Let’s consider another dimension of answering the question - that bioinformatics is just a nebulous term to describe a bunch of different practices and procedures. When someone says they want to learn bioinformatics, I understand of course that they want to merge an interest in both biology and computation, but my issue is that this is just an incredibly vague goal if you know how intricate the field is. There are a ton of sub-disciplines that fall under the umbrella of bioinformatics such as:
Population Genomics
Microbial Ecology
Molecular Simulation
Phylogenomics
And much, much more. That being said, you can probably become really good at a select few of these fields, but not all of them. Thus, when folks ask me what is the best way to learn and delve into bioinformatics, I try to tell them to investigate what sub-fields might interest them, not to mention the particular study system they are interested in working with. I think it’s only fair, because if the person wants to dedicate a bunch of money into a Masters program or Ph. D., and let’s be real, be prepared to live at a certain level of poverty in pursuit of the degree, it’s my personal opinion that you should know specifically what you are trying to do at least.
What’s the end goal?
Fitting into this theme of knowing what you want to do prior to taking the plunge into bioinformatics, I will impart one last bit of unsolicited advice to all newcomers: work with an end goal in mind.
At the time of this writing (late 2024) I would contend that bioinformatics is in an incredibly brutal job market, and the value of the Ph. D. doesn’t quite hold the same weight that it might have prior to the COVID pandemic (speaking anecdotally here from my own experience, but speaking with friends and peers, it was not a fun job search, period). For my own job search, I realized something quite jarring, albeit understandable - that the work I was doing in my Ph. D. was not preparing me for a career in industry, as much as I thought I was making myself think it was. That’s why more than ever, being able to take a proactive role in your bioinformatic training is almost a necessity.
So what does this look like? It starts with a bit of honesty for yourself and self-reflection. For a few of my colleagues, it is the realization that academia, as it is structured right now, is not the place for some. I won’t spend too much time on the nuances of this, but essentially I would suggest to know beforehand what you ultimately want prior to plunging into the field so that you can design your training plan around your ultimate goal.

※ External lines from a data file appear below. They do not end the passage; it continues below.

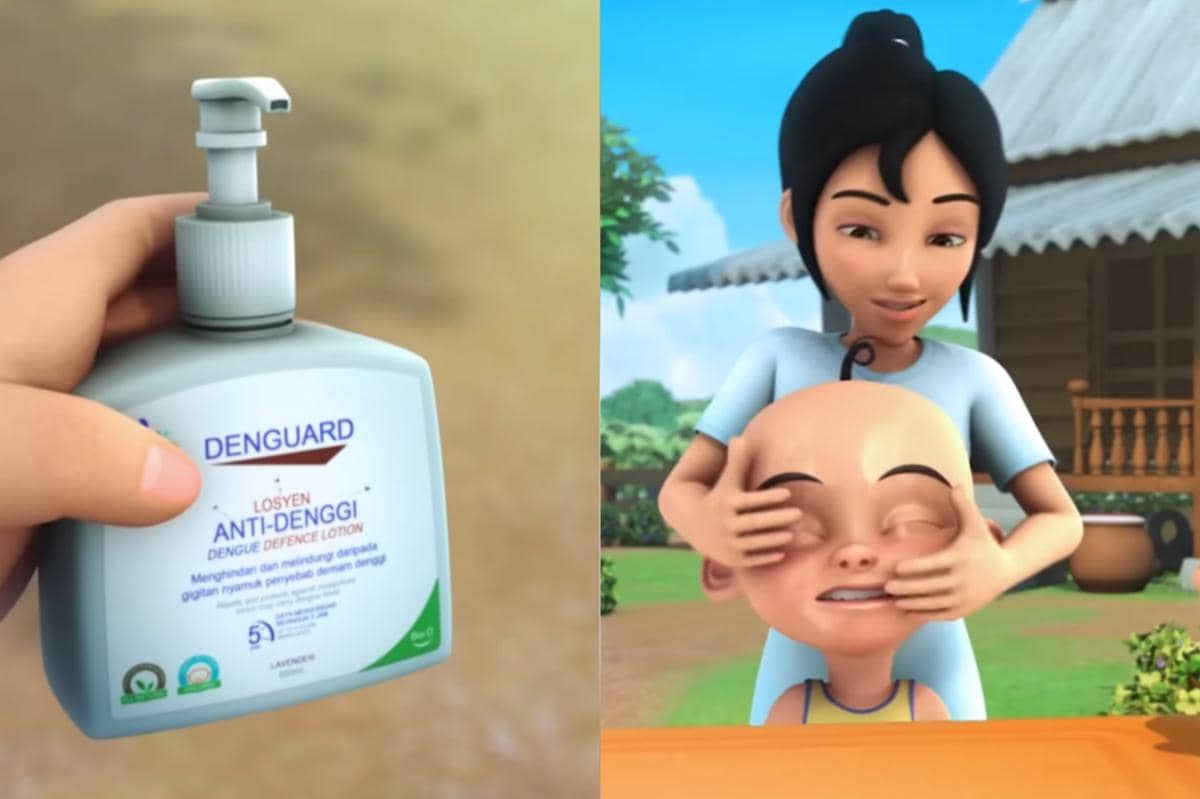 Kak Ros turut memperkenalkan lotion anti nyamuk sekaligus cara pengaplikasiannya ke kulit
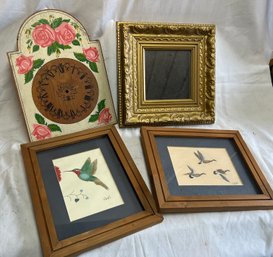 Lot Of 4 House Decor Items Incl Small Mirror, Clock Dial, And 2 Small Bird Prints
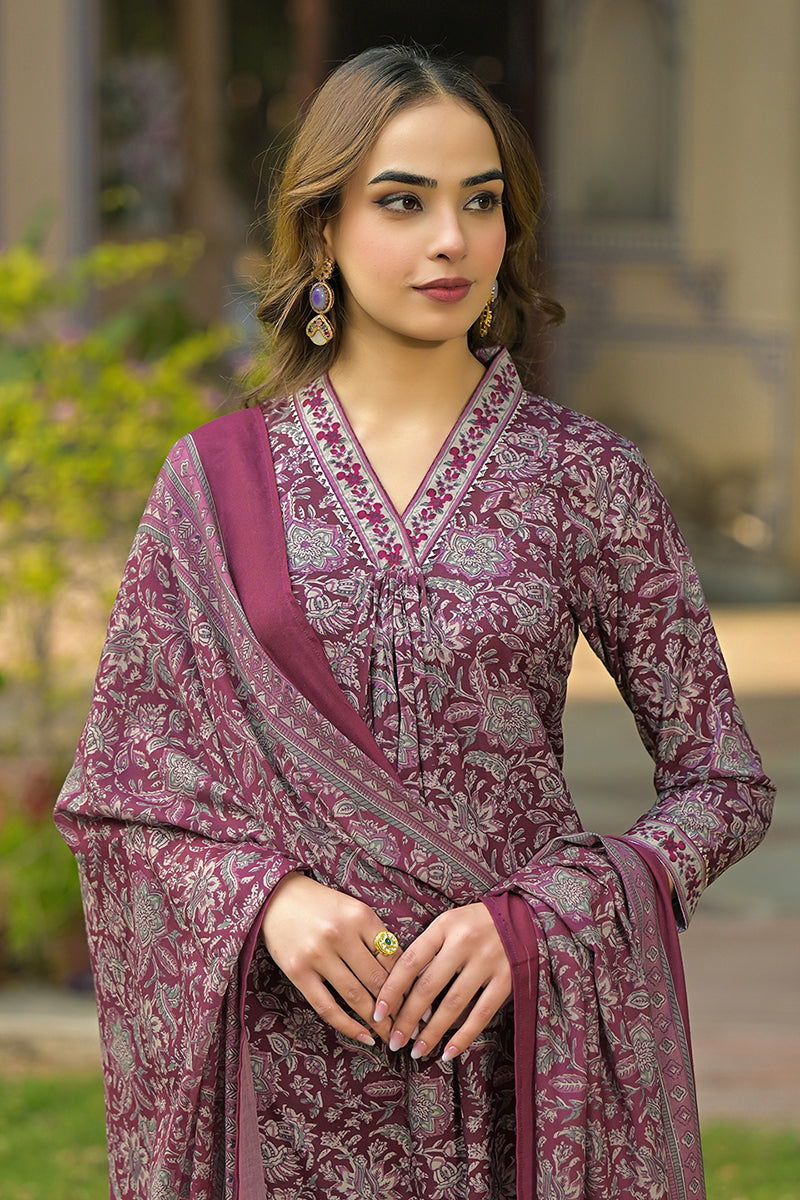 burgundy rayon blend floral printed straight suit set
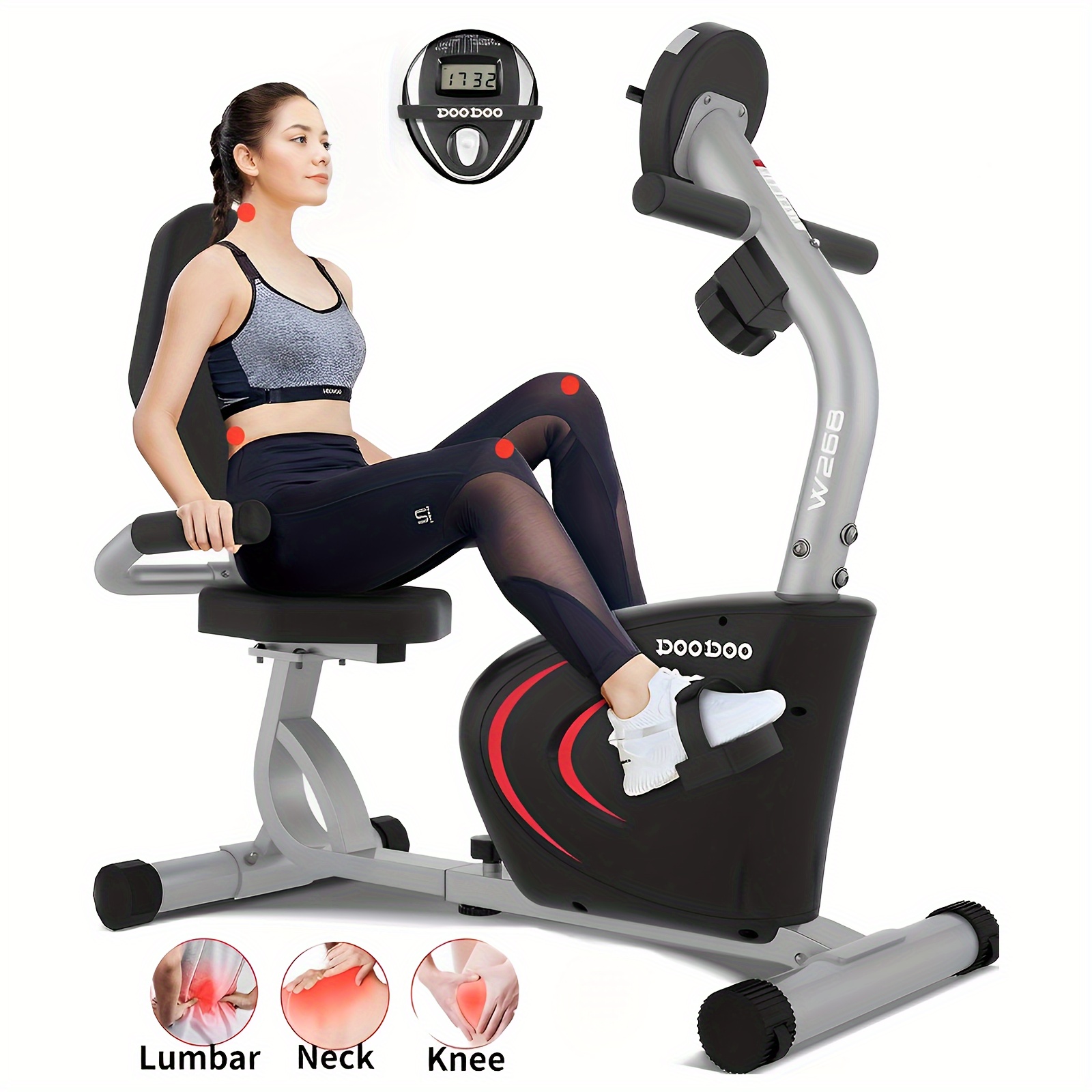 

Pooboo Exercise Bike For home Adult Sit Down 8 Level Magnetic Resistance Workout Cycles Senior Exercise Indoor Riding Adjustable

Take for example someone that is interested in working on the latest and greatest for AlphaFold. One can imagine planning their training around schools and programs that have a strong Biophysics component, or leading researchers that merge Artificial Intelligence and protein simulation. Otherwise, many would just pick a local or convenient program, and as you may or may not know, bioinformatics is not built the same at many institutions. So I really implore the uninitiated to consider for a bit what you want from the field and what type of career you want to curate for yourself.
Final Remarks
Wow, look at us. We really made some progress towards understanding what it means to be a bioinformatician and how to dive deeper in the field. Truly, I wasn’t thinking that I’d type this much on the subject, but it turns out that I am pretty opinionated (who would have thought?!).
Regardless of why you are asking the question, if no one has matched your interest and enthusiasm about learning about the field, then all I have to say is welcome! It’s not entirely straightforward and sometimes makes you want to throw your keyboard - but it’s the field I love. I’m glad you want to explore it, too.
Continuously dividing,
N.L.


The dive into algorithms and the biological aspects of evolution was wholly necessary. I've learned something new from that and the entirety of this post. Also, it's my first time hearing about Carl Woese. I'll check out his work since I'm currently working on clustering 16s rRNA sequences.